■ What to do
Pictures are not part of the copy; reproduce the remaining data exactly.

■ Data listing

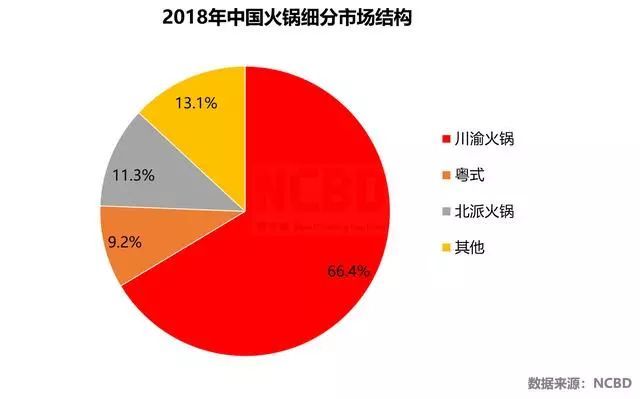 新知达人, 2019—2020中国火锅市场大数据分析报告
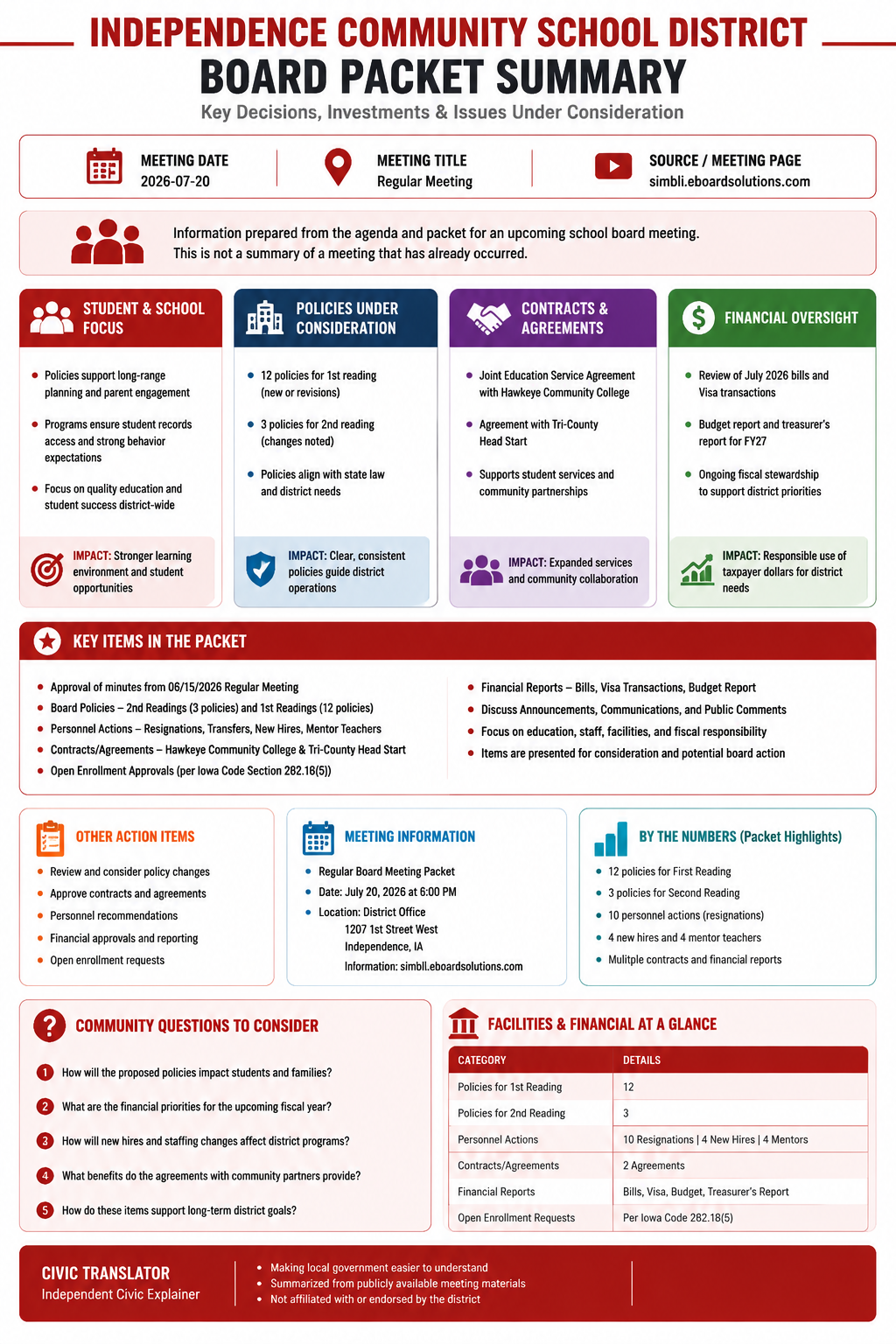 Independence Community School District — School Board Meeting — Packet Summary — July 20, 2026 infographic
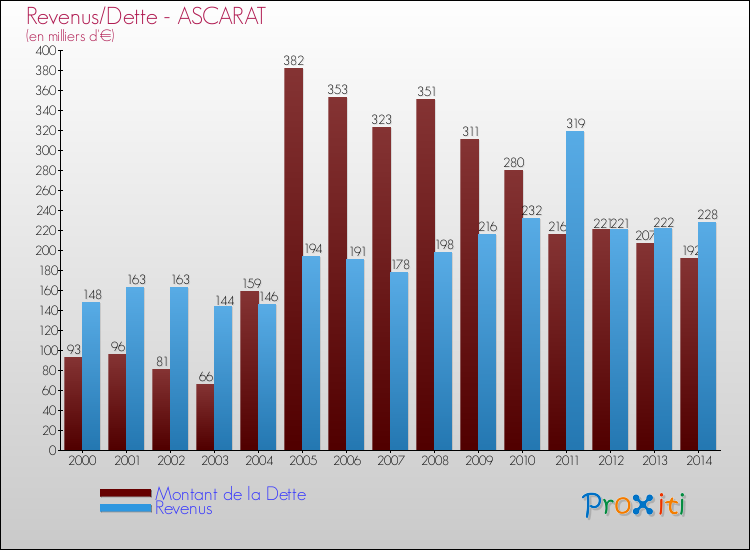 Evolution comparée de la dette et des revenus pour la commune de ASCARAT de 2000 à 2014 Comparaison de la dette et des revenus pour ASCARAT de 2000 à 2014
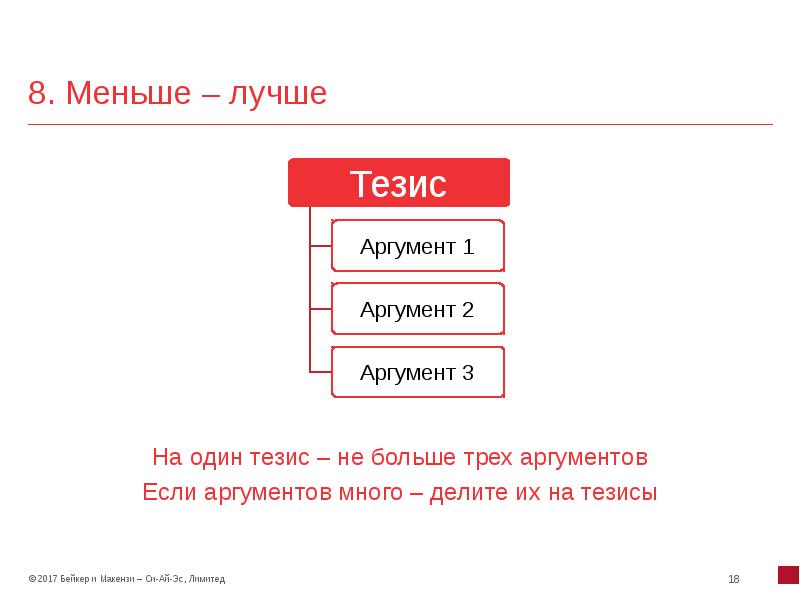 Тезис 3 аргумента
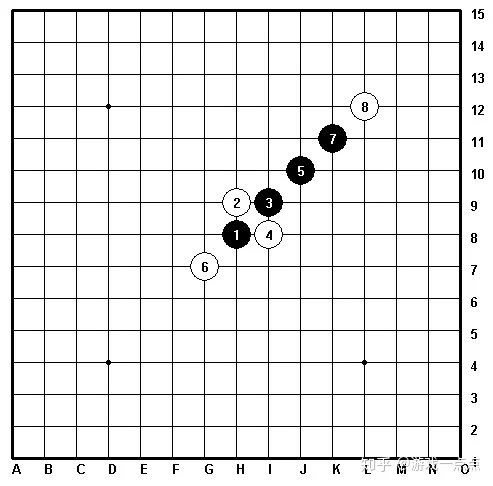 五子棋最强阵法,连珠五子棋的玩法(图4)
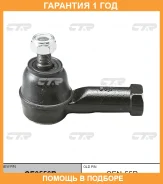 ���������� ������� ���� CTR / CE0556R �������� 12 ��� CE0556R ����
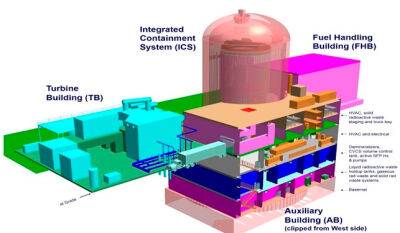Holtec хоче виготовляти в Україні компоненти для малого модульного реактора SMR-160 - bin.ua - Украина
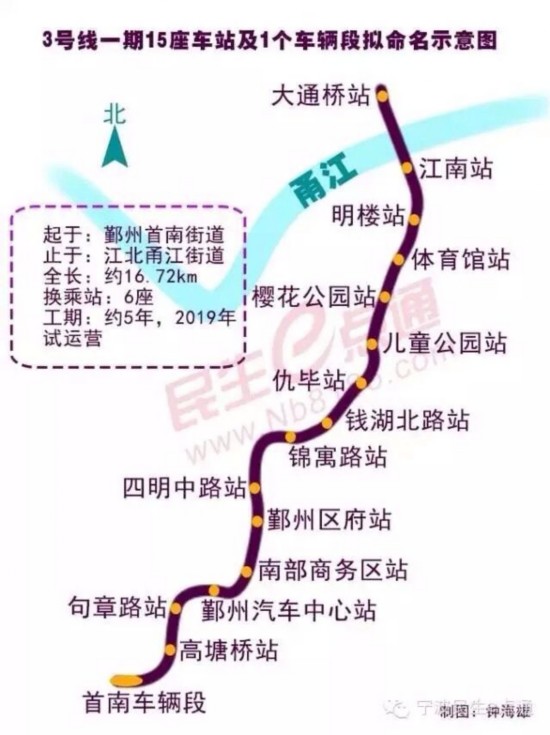 宁波轨道交通3号线一期工程车站拟命名方案向市民征求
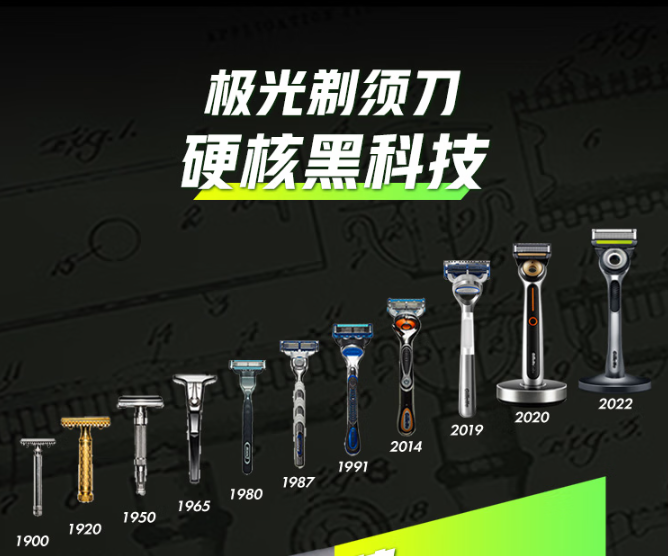 Gillette 吉列 Labs极光净澈 男士剃须刀套装（1刀架+4刀头+磁性支架） 185.28元（可3件9折） 买手党-买手聚集的地方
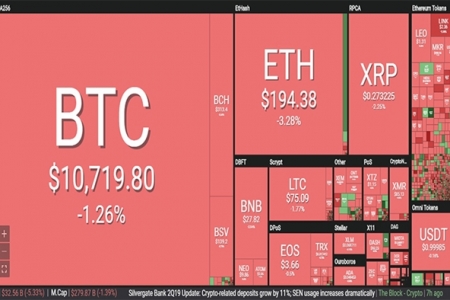 Tỷ giá ngoại tệ ngày 21/8: USD tăng mạnh, đồng tiền ảo bitcoin rớt giá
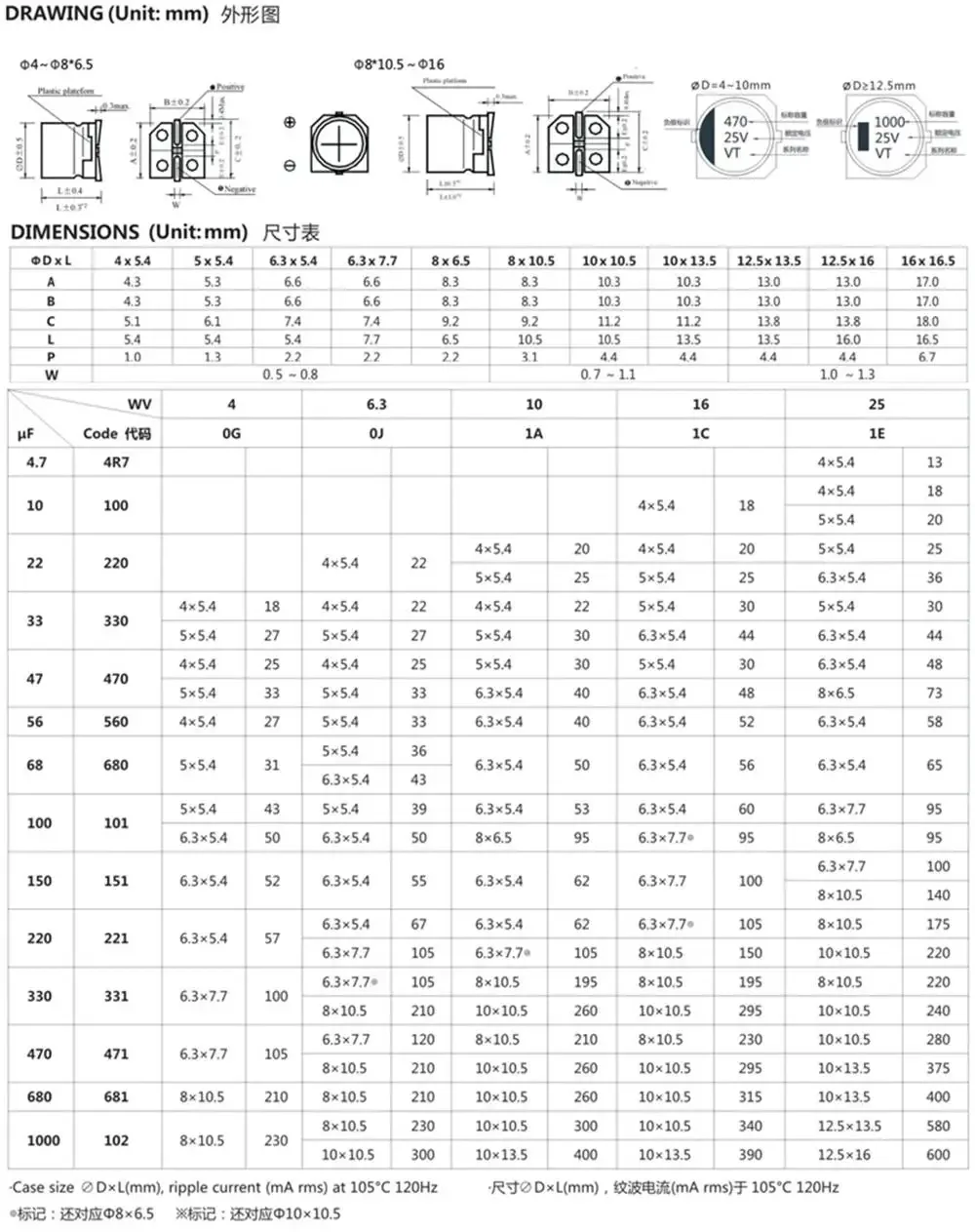 Chip Electrolytic Capacitor 6.3V 10V 16V 25V 35V 50V 1uF 2.2 3.3 4.7 10 22 33 47 100 220 330 470 1000 uF MFD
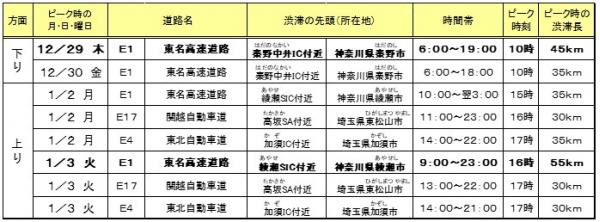 ≪各社の特に長い渋滞発生予測≫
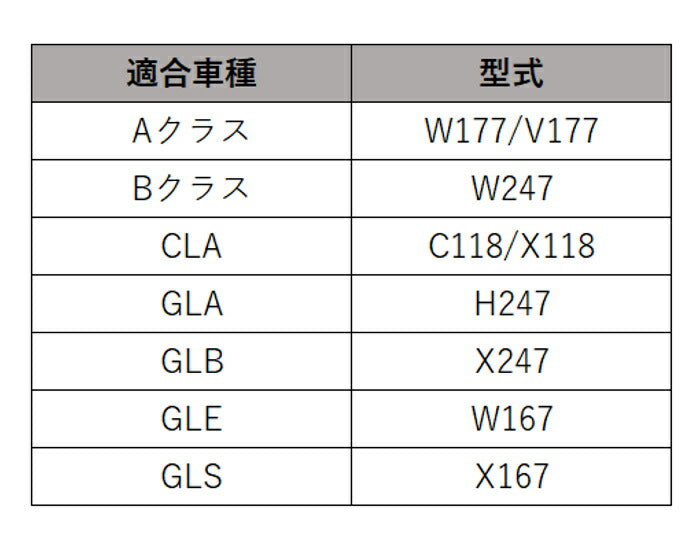 Benz ベンツ ヘッドレスト ボタンカバー カーボン調 左右セット W177 V177 C118 X118 X247 などに Aクラス Bクラス CLA GLA GLB GLE GLS アクセサリー カスタム パーツ カスタマイズ 車用品 カーインテリア ドレスアップ 内装パーツ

■ Answer box
 新知达人, 2019—2020中国火锅市场大数据分析报告
 Independence Community School District — School Board Meeting — Packet Summary — July 20, 2026 infographic
 Evolution comparée de la dette et des revenus pour la commune de ASCARAT de 2000 à 2014 Comparaison de la dette et des revenus pour ASCARAT de 2000 à 2014
 Тезис 3 аргумента
 五子棋最强阵法,连珠五子棋的玩法(图4)
 ���������� ������� ���� CTR / CE0556R �������� 12 ��� CE0556R ����
Holtec хоче виготовляти в Україні компоненти для малого модульного реактора SMR-160 - bin.ua - Украина
 宁波轨道交通3号线一期工程车站拟命名方案向市民征求
 Gillette 吉列 Labs极光净澈 男士剃须刀套装（1刀架+4刀头+磁性支架） 185.28元（可3件9折） 买手党-买手聚集的地方
 Tỷ giá ngoại tệ ngày 21/8: USD tăng mạnh, đồng tiền ảo bitcoin rớt giá
 Chip Electrolytic Capacitor 6.3V 10V 16V 25V 35V 50V 1uF 2.2 3.3 4.7 10 22 33 47 100 220 330 470 1000 uF MFD
 ≪各社の特に長い渋滞発生予測≫
 Benz ベンツ ヘッドレスト ボタンカバー カーボン調 左右セット W177 V177 C118 X118 X247 などに Aクラス Bクラス CLA GLA GLB GLE GLS アクセサリー カスタム パーツ カスタマイズ 車用品 カーインテリア ドレスアップ 内装パーツ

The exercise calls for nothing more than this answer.